* _Input for this task_
━━━━━━

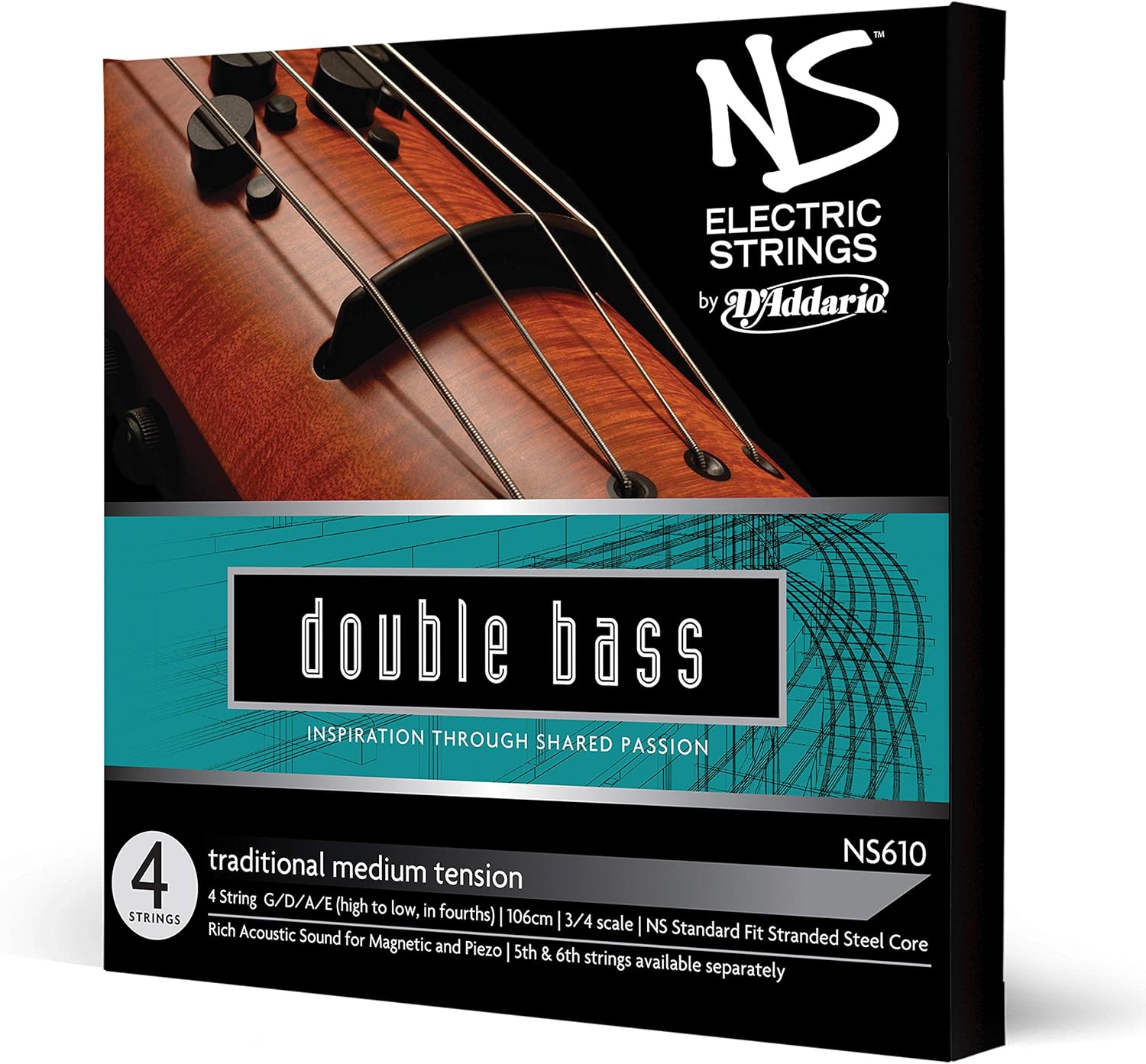 D'Addario NS Electric Traditional Bass String Set, 3/4 Scale, Medium Tension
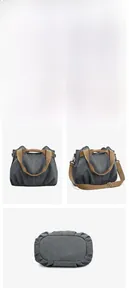 Detailed multi-angle views of grey canvas tote with adjustable strap and reinforced handles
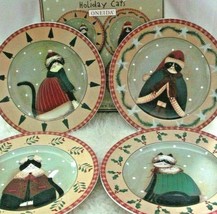 Holiday Cats 4 Salad Plates Dessert Fiddlestix Cat Lover Whimsical Table Decor - £20.63 GBP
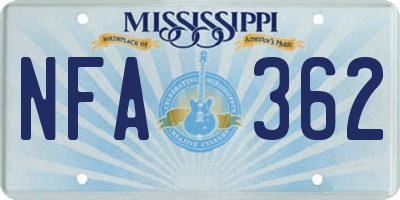 MS license plate NFA362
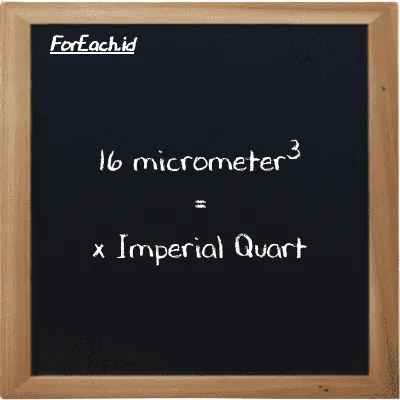Example micrometer<sup>3</sup> to Imperial Quart conversion (16 µm<sup>3</sup> to imp qt)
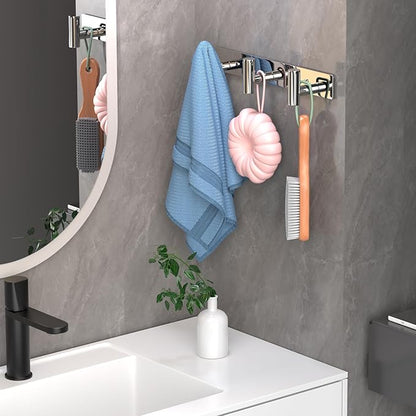 Wall Mounted Coat Rack-3 Hooks, Heavy Duty Stainless Steel Wall Hooks for Towel Coat Bag, Hat Rack Coat Hanger Coat Hooks Towel Racks for Bathroom Entryway Kitchen Hotel (Glossy, 1 Pack)
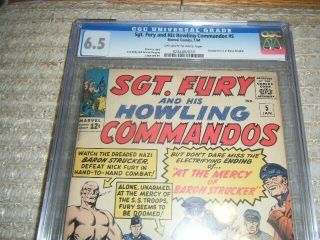 Cgc 6.  5 Sgt.  Fury And His Howling Commandos 5 - - - 1st Baron Strucker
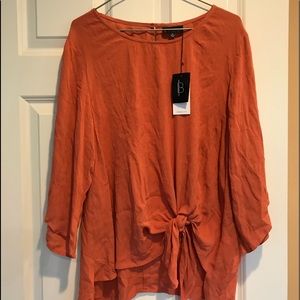 Bobeau Orange Tie Shirt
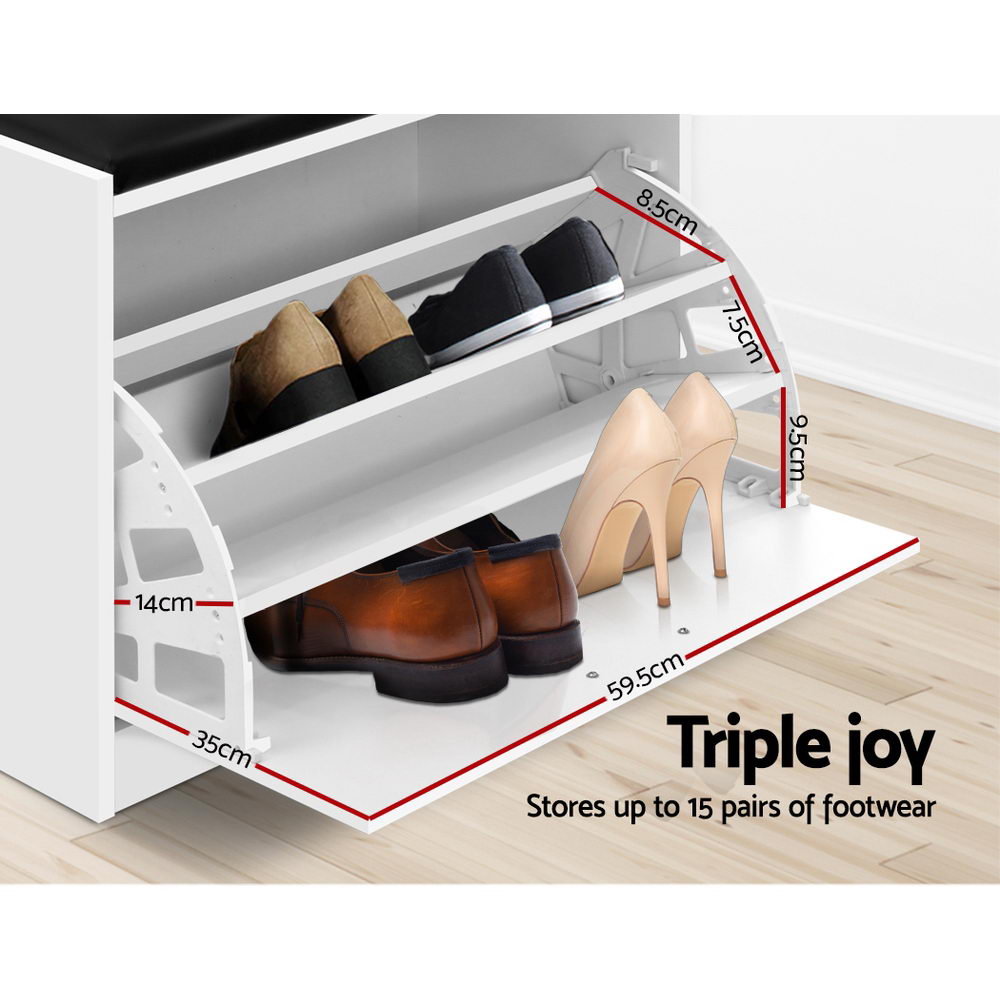 Artiss Shoe Cabinet Bench Shoes Storage Rack Organiser Drawer White 15 Pairs Chez Guru
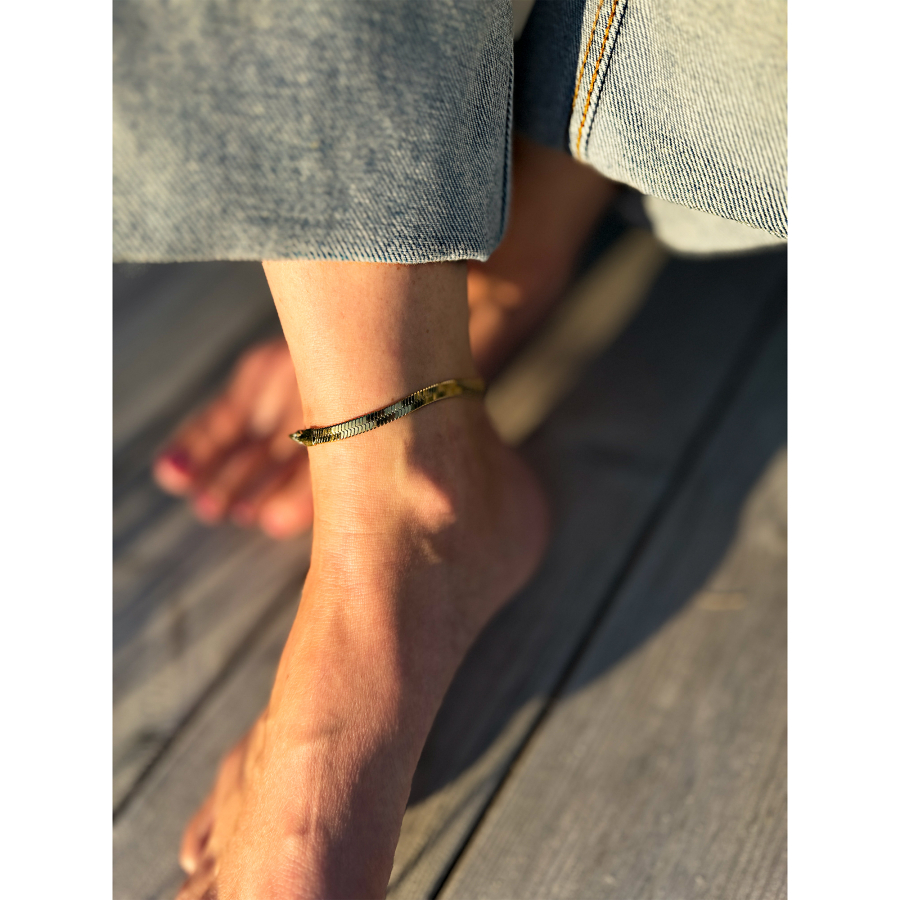 Ivalene armbånd og ankelkæde i forgyldt 20 - 23 cm fra le mosch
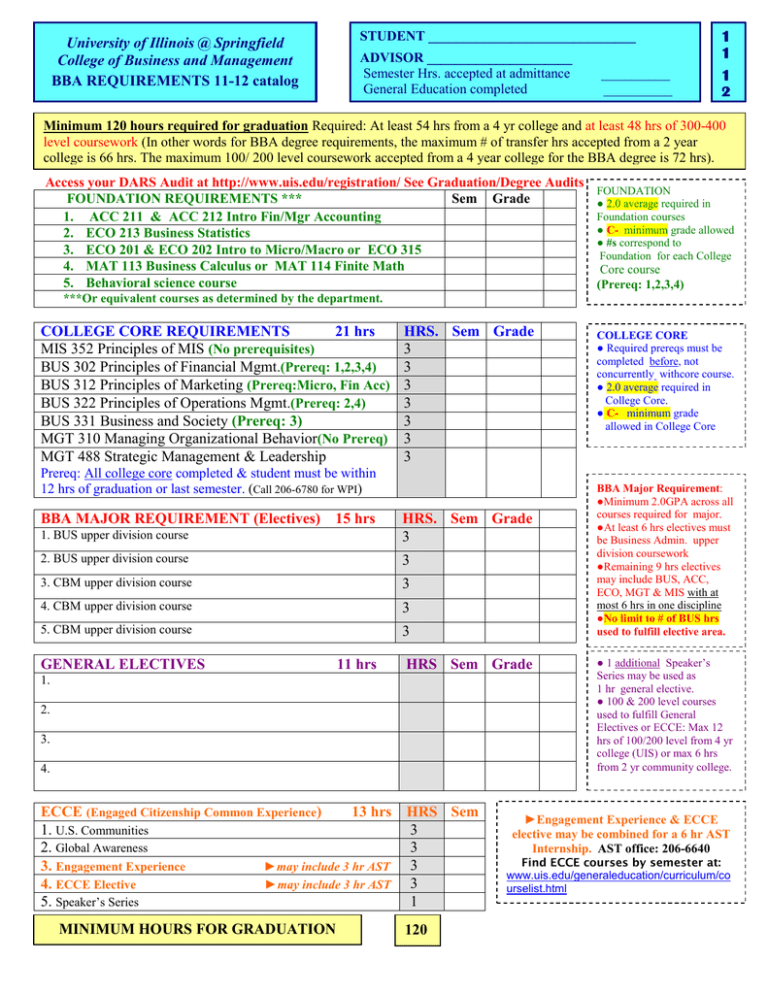 Advising worksheet 11-12 catalog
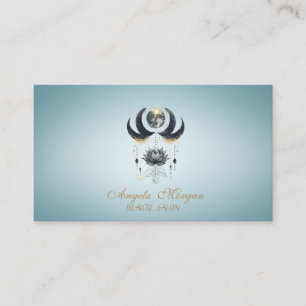 Carte De Visite Élégante Fleur de Lotus Lune Bleue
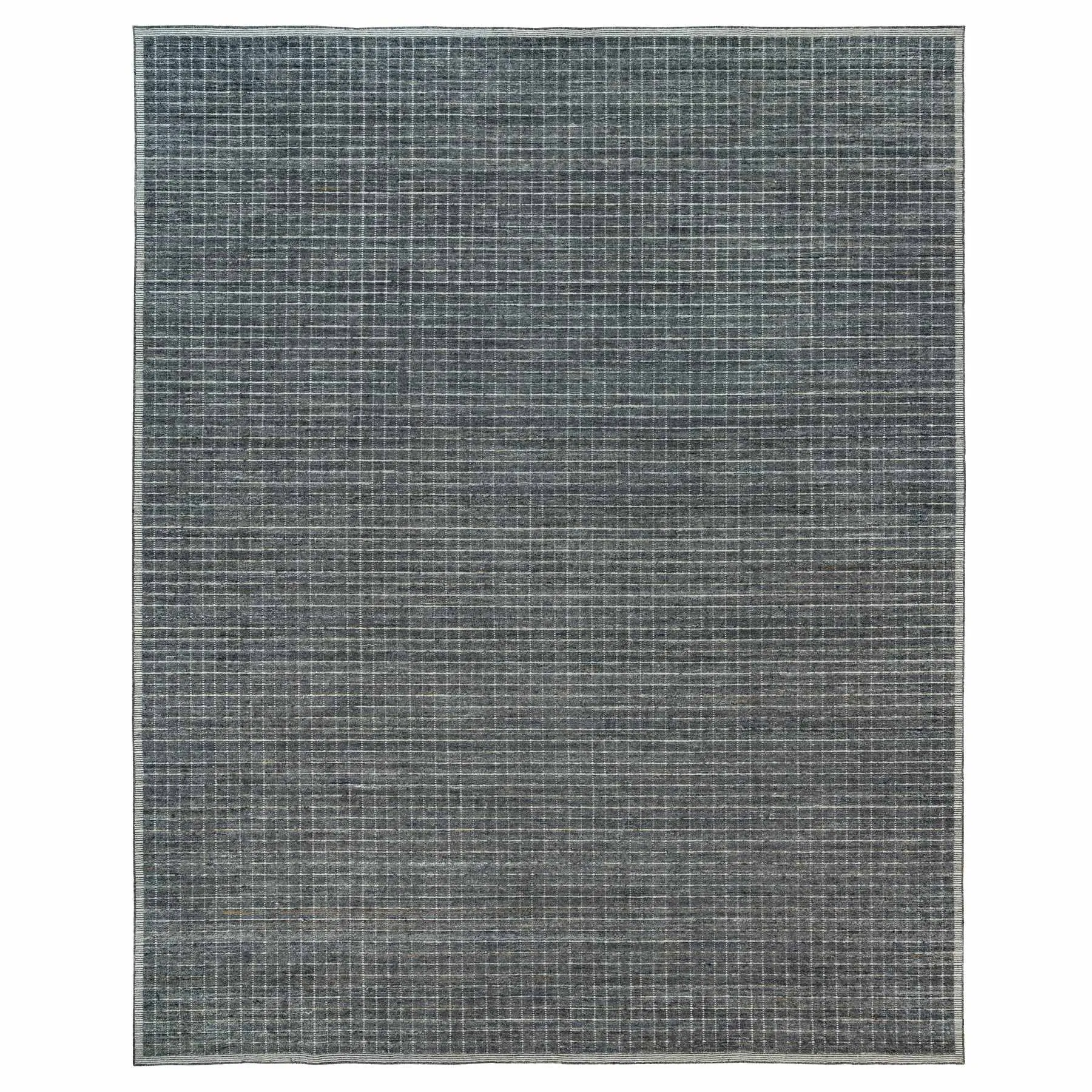 Plum Kitten Gray, Loomed Knotted, Modern Box Design and Plain Decor, Pure Wool, Oversized Oriental Rug (12'x14'9")
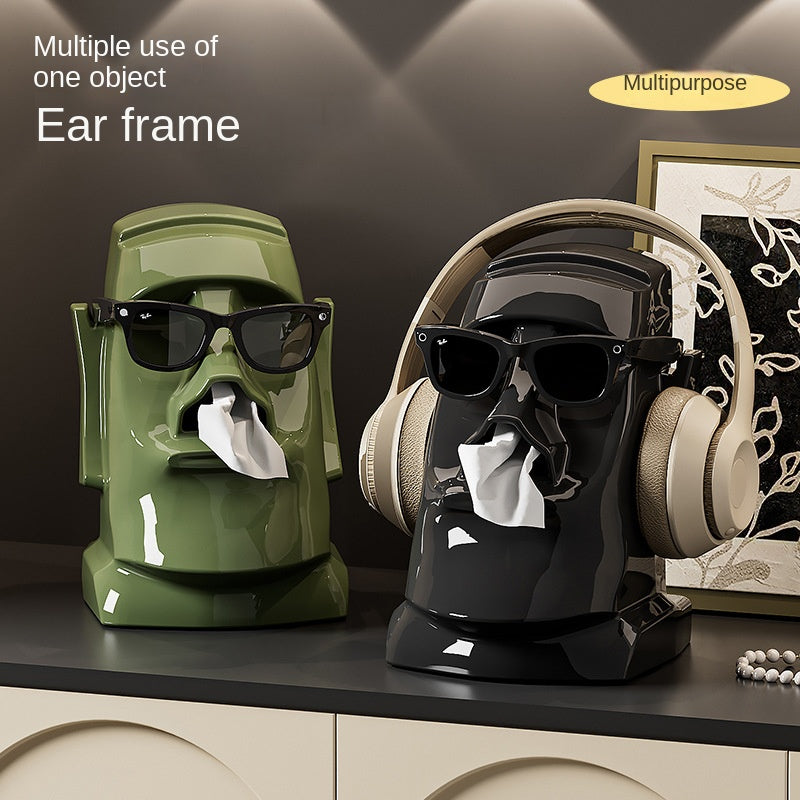 Kreative Gips-Taschentuchbox – Multifunktionale Deko-Statue mit Ablage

━━━━━━

* _What this task involves_
Quote exactly, and nothing besides, the lines from the one with "Artiss Shoe Cabinet" through the end of the records above; include both ends and omit the pictures.

* _Answer for the task_
 Artiss Shoe Cabinet Bench Shoes Storage Rack Organiser Drawer White 15 Pairs Chez Guru
 Ivalene armbånd og ankelkæde i forgyldt 20 - 23 cm fra le mosch
 Advising worksheet 11-12 catalog
 Carte De Visite Élégante Fleur de Lotus Lune Bleue
 Plum Kitten Gray, Loomed Knotted, Modern Box Design and Plain Decor, Pure Wool, Oversized Oriental Rug (12'x14'9")
 Kreative Gips-Taschentuchbox – Multifunktionale Deko-Statue mit Ablage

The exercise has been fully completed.